Jewelle Gomez is
a writer and activist and the author of the double
Lambda Award-winning
novel, THE GILDA
STORIES from
Firebrand Books. Her adaptation of the book for the stage --
Bones & Ash: a Gilda Story---was performed by the
Urban Bush Women company in 13 U.S. cities.
She is the recipient of a National Endowment
for the Arts literature fellowship and two California Arts
Council fellowships.
Her fiction, essays, criticism and poetry have
appeared in numerous periodicals. Among them: The San
Francisco Chronicle, The New York Times, The Village Voice;
The Advocate, Ms Magazine, ESSENCE Magazine and Black
Scholar. Her work has appeared in such anthologies as HOME
GIRLS, READING BLACK READING FEMINIST, DAUGHTERS OF AFRICA and
the OXFORD WORLD TREASURY OF LOVE STORIES.
She has served on literary panels for the
National Endowment for the Arts, the Illinois Arts Council, the
California Arts Council and the San Francisco Arts Commission.
She was on the original staff of "Say
Brother," one of the first weekly, black television shows in the
U.S. (WGBH-TV Boston) and on the founding board of the Gay and
Lesbian Alliance Against Defamation (GLAAD).
She is currently on the national advisory boards of the
National Center for Lesbian
Rights, POETS & WRITERS,
Inc., and the Human Sexuality Archives of Cornell
University. An early member of the board of the
Astraea Foundation she is
currently on the funding board of the
Open Meadows Foundation.
She also serves on the national advisory board for a new film by
Nancy D. Kates, AMERICAN SOCRATES: The Life of Bayard Rustin.
Her
publications
include three collections of poetry-THE LIPSTICK PAPERS (1980)
FLAMINGOES AND BEARS (1986), both self published. The most
recent is ORAL TRADITION from Firebrand Books (1995). She edited
with Eric Garber a fantasy fiction anthology entitled SWORDS OF
THE RAINBOW (Alyson Publications (1996) and selected the fiction
for THE BEST LESBIAN EROTICA OF 1997 (Cleis).

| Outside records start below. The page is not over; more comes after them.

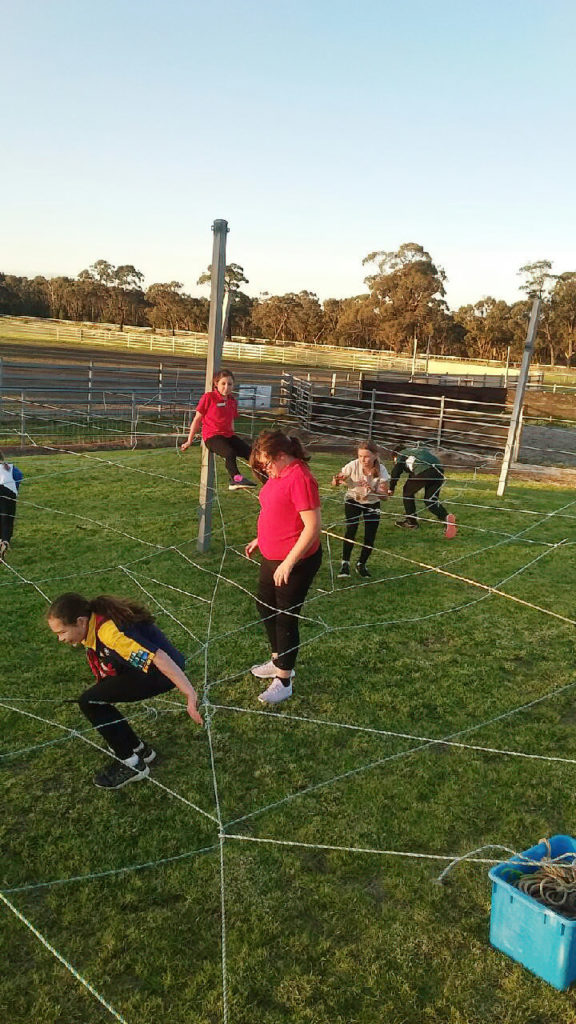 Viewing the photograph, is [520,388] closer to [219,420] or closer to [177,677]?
[219,420]

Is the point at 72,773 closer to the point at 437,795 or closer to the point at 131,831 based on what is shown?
the point at 131,831

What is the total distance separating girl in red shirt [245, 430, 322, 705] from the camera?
11.5ft

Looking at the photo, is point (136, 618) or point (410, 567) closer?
point (136, 618)

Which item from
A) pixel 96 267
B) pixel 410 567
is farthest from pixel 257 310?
pixel 410 567

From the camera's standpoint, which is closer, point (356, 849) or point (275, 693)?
point (356, 849)

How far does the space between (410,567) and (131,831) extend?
14.1 ft

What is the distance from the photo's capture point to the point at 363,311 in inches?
2279

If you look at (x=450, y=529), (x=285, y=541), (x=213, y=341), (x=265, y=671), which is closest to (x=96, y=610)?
(x=285, y=541)

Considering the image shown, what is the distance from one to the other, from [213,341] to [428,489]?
3.19 m

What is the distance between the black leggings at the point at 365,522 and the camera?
245 inches

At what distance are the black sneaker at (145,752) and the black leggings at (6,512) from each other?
2.96m

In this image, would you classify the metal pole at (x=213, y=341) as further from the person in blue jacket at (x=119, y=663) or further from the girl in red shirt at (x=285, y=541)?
the person in blue jacket at (x=119, y=663)

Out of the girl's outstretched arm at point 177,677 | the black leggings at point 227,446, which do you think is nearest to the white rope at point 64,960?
the girl's outstretched arm at point 177,677

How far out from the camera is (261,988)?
2.12 m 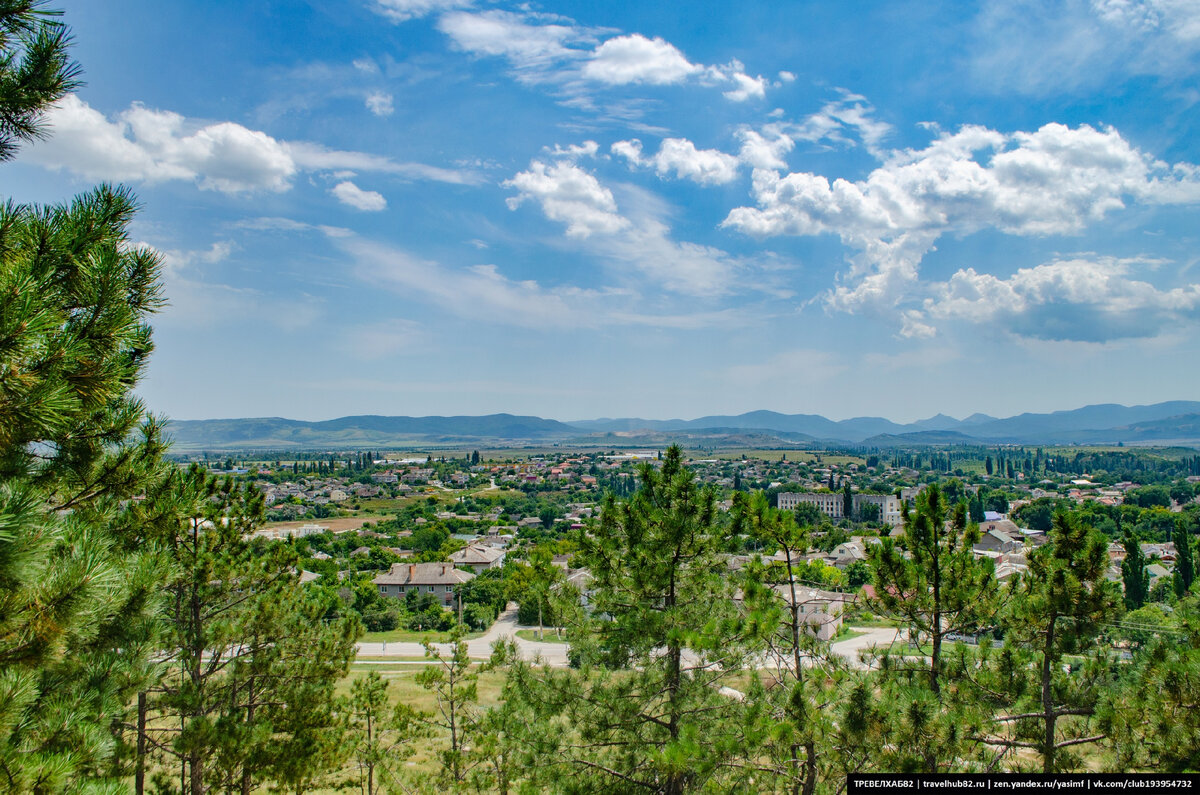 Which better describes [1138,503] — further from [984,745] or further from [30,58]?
[30,58]

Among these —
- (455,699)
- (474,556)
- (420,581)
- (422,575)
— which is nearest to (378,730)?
(455,699)

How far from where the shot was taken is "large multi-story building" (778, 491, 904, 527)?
273 ft

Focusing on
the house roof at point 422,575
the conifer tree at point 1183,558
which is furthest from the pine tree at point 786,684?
the conifer tree at point 1183,558

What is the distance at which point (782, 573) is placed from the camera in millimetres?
6012

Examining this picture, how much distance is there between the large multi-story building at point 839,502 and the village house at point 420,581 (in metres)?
54.9

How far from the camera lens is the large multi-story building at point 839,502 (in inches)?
3275

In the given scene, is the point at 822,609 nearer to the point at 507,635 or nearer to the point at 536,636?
the point at 507,635

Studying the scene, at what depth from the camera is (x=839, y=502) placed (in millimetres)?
92188

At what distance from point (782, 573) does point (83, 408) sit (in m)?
5.51

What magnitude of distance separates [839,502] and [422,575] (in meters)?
70.9

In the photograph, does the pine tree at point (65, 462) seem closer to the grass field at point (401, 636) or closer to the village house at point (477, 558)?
the grass field at point (401, 636)

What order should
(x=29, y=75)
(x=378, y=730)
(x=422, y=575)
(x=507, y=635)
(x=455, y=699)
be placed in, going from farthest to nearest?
(x=422, y=575) < (x=507, y=635) < (x=378, y=730) < (x=455, y=699) < (x=29, y=75)

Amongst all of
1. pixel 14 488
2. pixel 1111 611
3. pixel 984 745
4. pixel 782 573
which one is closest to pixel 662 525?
pixel 782 573

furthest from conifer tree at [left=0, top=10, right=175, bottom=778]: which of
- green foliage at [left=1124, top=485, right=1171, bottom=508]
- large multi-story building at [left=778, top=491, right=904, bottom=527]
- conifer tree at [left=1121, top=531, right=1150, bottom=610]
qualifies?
green foliage at [left=1124, top=485, right=1171, bottom=508] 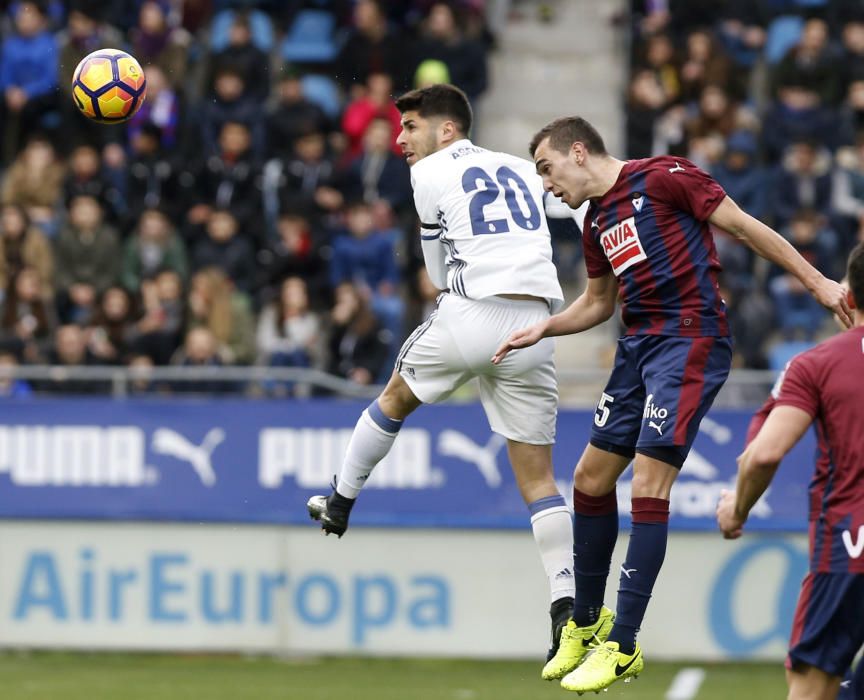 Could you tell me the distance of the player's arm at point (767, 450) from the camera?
612 centimetres

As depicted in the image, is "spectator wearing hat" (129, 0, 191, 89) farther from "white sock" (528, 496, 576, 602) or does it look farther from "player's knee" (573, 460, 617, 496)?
"player's knee" (573, 460, 617, 496)

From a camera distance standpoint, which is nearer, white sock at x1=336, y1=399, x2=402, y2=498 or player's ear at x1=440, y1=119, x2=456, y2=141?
player's ear at x1=440, y1=119, x2=456, y2=141

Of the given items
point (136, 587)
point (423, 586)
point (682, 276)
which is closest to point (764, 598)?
point (423, 586)

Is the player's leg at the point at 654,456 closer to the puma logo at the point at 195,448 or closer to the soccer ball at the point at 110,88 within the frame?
the soccer ball at the point at 110,88

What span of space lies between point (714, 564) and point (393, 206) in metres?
4.91

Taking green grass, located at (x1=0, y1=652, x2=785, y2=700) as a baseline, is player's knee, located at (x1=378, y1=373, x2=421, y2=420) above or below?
above

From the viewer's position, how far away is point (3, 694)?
11469 millimetres

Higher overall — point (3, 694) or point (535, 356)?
point (535, 356)

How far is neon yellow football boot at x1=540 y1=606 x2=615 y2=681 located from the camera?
7.94m

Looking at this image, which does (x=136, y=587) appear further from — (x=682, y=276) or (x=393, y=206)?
(x=682, y=276)

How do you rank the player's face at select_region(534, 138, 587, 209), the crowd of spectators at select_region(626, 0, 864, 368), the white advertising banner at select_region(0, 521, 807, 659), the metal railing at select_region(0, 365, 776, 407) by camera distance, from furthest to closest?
the crowd of spectators at select_region(626, 0, 864, 368)
the metal railing at select_region(0, 365, 776, 407)
the white advertising banner at select_region(0, 521, 807, 659)
the player's face at select_region(534, 138, 587, 209)

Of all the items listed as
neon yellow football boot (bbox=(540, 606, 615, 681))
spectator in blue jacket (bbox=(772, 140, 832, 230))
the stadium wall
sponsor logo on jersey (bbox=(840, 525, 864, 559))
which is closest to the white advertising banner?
the stadium wall

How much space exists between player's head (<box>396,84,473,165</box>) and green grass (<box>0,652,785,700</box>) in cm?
452

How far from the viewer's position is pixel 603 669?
Result: 24.9 ft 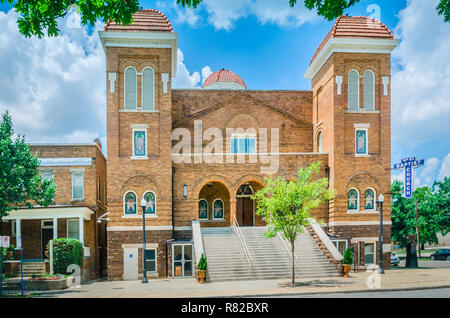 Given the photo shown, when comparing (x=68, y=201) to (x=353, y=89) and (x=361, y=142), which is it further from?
(x=353, y=89)

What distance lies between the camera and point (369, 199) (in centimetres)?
3027

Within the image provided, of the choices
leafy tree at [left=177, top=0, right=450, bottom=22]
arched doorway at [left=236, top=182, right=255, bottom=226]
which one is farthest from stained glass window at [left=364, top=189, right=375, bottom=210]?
leafy tree at [left=177, top=0, right=450, bottom=22]

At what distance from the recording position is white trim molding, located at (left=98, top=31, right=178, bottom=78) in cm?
2919

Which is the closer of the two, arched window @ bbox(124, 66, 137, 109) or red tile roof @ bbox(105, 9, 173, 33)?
red tile roof @ bbox(105, 9, 173, 33)

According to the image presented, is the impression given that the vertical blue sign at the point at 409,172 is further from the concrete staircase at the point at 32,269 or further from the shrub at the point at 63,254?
the concrete staircase at the point at 32,269

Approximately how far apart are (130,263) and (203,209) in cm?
654

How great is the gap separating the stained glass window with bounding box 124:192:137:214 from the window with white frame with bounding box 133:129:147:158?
98.7 inches

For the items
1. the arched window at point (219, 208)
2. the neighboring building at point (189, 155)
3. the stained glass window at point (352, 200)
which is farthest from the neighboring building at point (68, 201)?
the stained glass window at point (352, 200)

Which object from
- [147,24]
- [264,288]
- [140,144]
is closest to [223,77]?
[147,24]

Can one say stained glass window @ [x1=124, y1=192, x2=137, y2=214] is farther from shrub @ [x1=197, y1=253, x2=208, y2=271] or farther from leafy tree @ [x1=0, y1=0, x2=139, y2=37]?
leafy tree @ [x1=0, y1=0, x2=139, y2=37]

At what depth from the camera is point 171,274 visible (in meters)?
27.7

She is also the author a book of personal and
political essays entitled FORTY THREE SEPTEMBERS (Firebrand
Books 1993) and a new collection of short fiction, DON'T EXPLAIN
(Firebrand Books 1997).
She has presented
lectures and
taught at numerous institutions of higher learning including
San Francisco State University, Hunter College, Rutgers
University, New College of California, Grinnell College, San
Diego City College, The Ohio State University and the University
of Washington (Seattle). She is the former director of the
Literature Program and the New York State Council on the Arts
and most recently served for three years as executive director
of the Poetry Center and American Poetry Archives at San
Francisco State University.
Her
new projects
include a comic novel about black activists of the 1960s as they
face middle age. She is also working with actor Harry Waters,
Jr. and director, Arturo Catricala on a collaborative
performance piece based on the life of author James Baldwin.